- _Task item_:
Reproduce the full listing without a single change.

##### Data provided #####

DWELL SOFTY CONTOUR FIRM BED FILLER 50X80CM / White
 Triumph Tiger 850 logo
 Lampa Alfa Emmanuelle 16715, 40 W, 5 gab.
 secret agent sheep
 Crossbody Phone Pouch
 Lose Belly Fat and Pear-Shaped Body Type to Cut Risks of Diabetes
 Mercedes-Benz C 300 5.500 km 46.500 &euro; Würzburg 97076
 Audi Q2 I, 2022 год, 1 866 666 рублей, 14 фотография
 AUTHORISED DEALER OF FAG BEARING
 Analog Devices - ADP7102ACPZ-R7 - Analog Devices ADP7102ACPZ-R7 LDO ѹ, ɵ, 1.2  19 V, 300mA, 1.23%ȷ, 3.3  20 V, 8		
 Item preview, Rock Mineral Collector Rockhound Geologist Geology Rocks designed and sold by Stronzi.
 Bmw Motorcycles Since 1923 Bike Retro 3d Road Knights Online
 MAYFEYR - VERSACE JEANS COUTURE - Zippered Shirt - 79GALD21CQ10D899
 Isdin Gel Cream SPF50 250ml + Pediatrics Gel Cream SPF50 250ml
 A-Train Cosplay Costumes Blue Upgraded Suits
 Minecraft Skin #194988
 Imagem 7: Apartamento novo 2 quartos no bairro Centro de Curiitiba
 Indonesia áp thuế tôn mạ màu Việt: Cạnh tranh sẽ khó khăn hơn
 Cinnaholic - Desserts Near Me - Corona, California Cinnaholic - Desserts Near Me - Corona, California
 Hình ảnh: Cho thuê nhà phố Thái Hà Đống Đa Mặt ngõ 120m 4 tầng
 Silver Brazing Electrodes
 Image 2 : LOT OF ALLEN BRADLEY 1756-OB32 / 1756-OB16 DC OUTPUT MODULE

#####

- _Finished task_:
DWELL SOFTY CONTOUR FIRM BED FILLER 50X80CM / White
 Triumph Tiger 850 logo
 Lampa Alfa Emmanuelle 16715, 40 W, 5 gab.
 secret agent sheep
 Crossbody Phone Pouch
 Lose Belly Fat and Pear-Shaped Body Type to Cut Risks of Diabetes
 Mercedes-Benz C 300 5.500 km 46.500 &euro; Würzburg 97076
 Audi Q2 I, 2022 год, 1 866 666 рублей, 14 фотография
 AUTHORISED DEALER OF FAG BEARING
 Analog Devices - ADP7102ACPZ-R7 - Analog Devices ADP7102ACPZ-R7 LDO ѹ, ɵ, 1.2  19 V, 300mA, 1.23%ȷ, 3.3  20 V, 8		
 Item preview, Rock Mineral Collector Rockhound Geologist Geology Rocks designed and sold by Stronzi.
 Bmw Motorcycles Since 1923 Bike Retro 3d Road Knights Online
 MAYFEYR - VERSACE JEANS COUTURE - Zippered Shirt - 79GALD21CQ10D899
 Isdin Gel Cream SPF50 250ml + Pediatrics Gel Cream SPF50 250ml
 A-Train Cosplay Costumes Blue Upgraded Suits
 Minecraft Skin #194988
 Imagem 7: Apartamento novo 2 quartos no bairro Centro de Curiitiba
 Indonesia áp thuế tôn mạ màu Việt: Cạnh tranh sẽ khó khăn hơn
 Cinnaholic - Desserts Near Me - Corona, California Cinnaholic - Desserts Near Me - Corona, California
 Hình ảnh: Cho thuê nhà phố Thái Hà Đống Đa Mặt ngõ 120m 4 tầng
 Silver Brazing Electrodes
 Image 2 : LOT OF ALLEN BRADLEY 1756-OB32 / 1756-OB16 DC OUTPUT MODULE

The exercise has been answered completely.